= WHAT TO PRODUCE =
In the records below, the line that contains "Buckingham Pole Gaff Gauge Buckingham MFG" marks the start. Copy it and each line after it through the end, exactly, without pictures.

= Data excerpts =
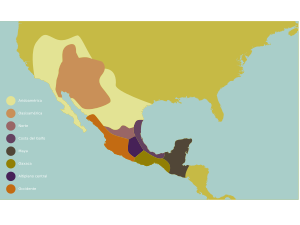 Archivo:Mapa Mesoamérica Aridoamérica Oasisamérica
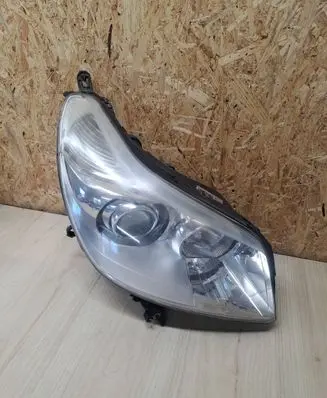 Citroen C5 Headlight/headlamp 9650115380 89009364 89900022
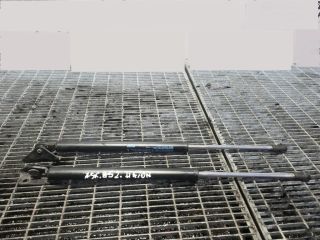 bontott MITSUBISHI ASX Gázrugós Kitámasztó Teleszkóp Csomagtérajtó (Pozíciófüggetlen)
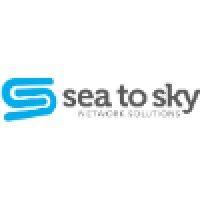 sea to sky network solutions logo image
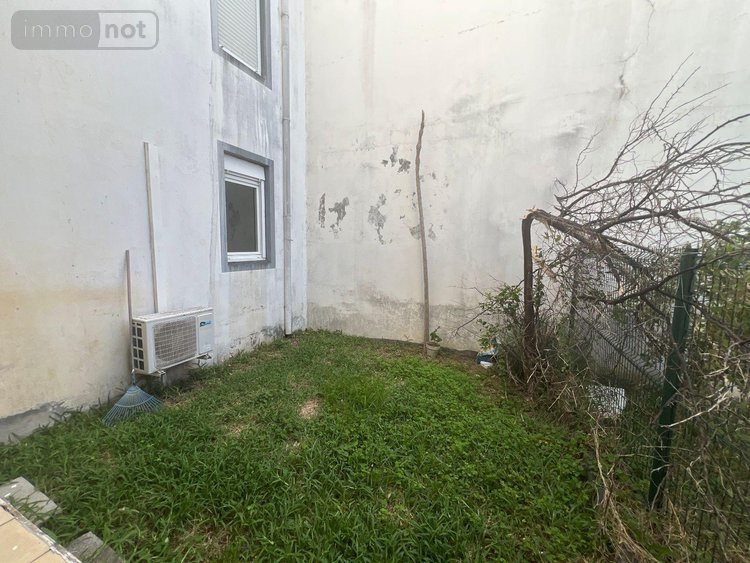 Appartement a vendre Sainte-Clotilde 97490 Réunion 47 m2 3 pièces 107500 euros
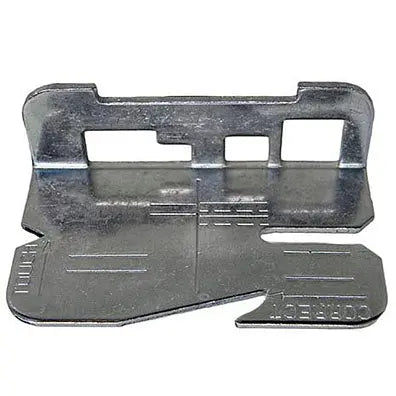 Buckingham Pole Gaff Gauge Buckingham MFG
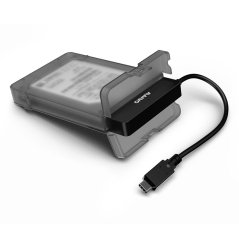 مايوو حافظة محرك اقراص من ساتا (K104C USB 3.1 من النوع C)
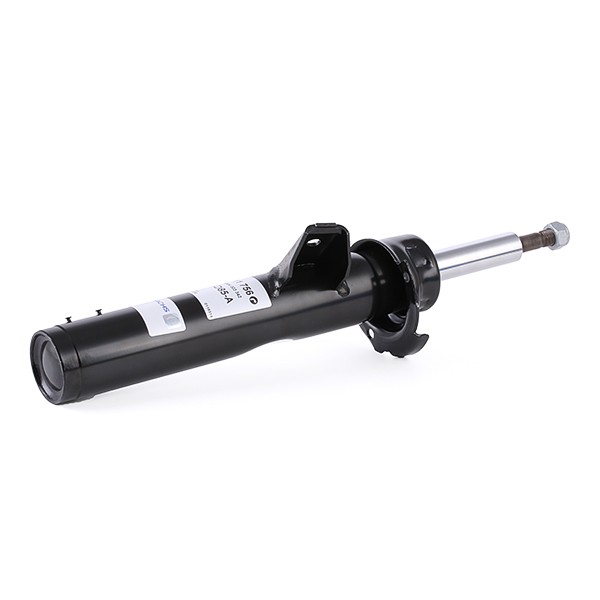 SACHS 311756 Shock absorber Right, Gas Pressure, Twin-Tube, Suspension Strut, Top pin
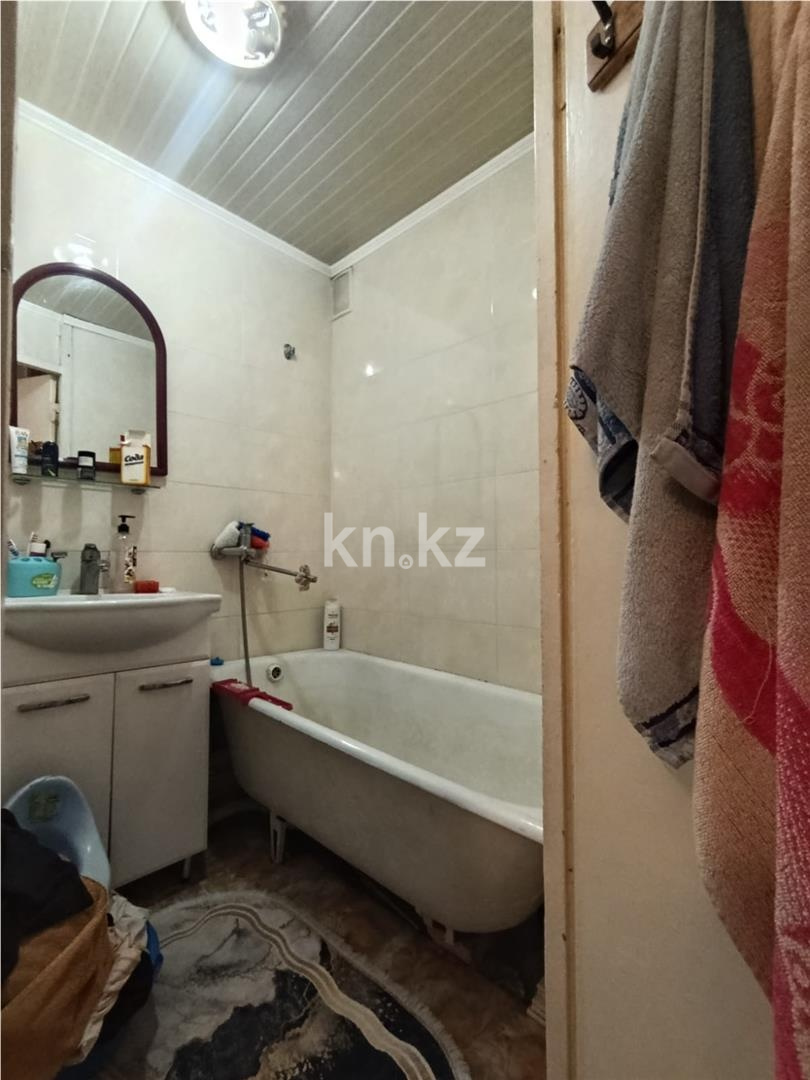 Продажа 2-комнатной квартиры, 48 м² в Караганде - фото 5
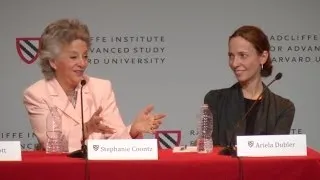 Fifty Years after The Feminine Mystique || Radcliffe Institute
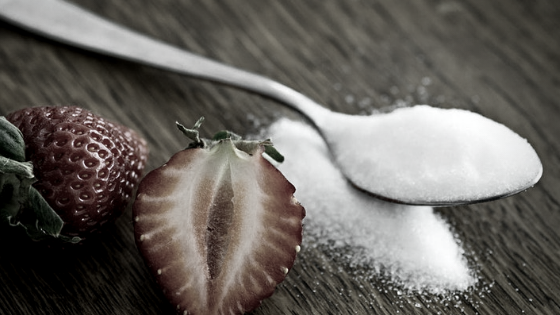 Sugar Intake: Fruit Sugars vs. Artificially Added Sugars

= FINISHED EXERCISE =
 Buckingham Pole Gaff Gauge Buckingham MFG
 مايوو حافظة محرك اقراص من ساتا (K104C USB 3.1 من النوع C)
 SACHS 311756 Shock absorber Right, Gas Pressure, Twin-Tube, Suspension Strut, Top pin
 Продажа 2-комнатной квартиры, 48 м² в Караганде - фото 5
 Fifty Years after The Feminine Mystique || Radcliffe Institute
 Sugar Intake: Fruit Sugars vs. Artificially Added Sugars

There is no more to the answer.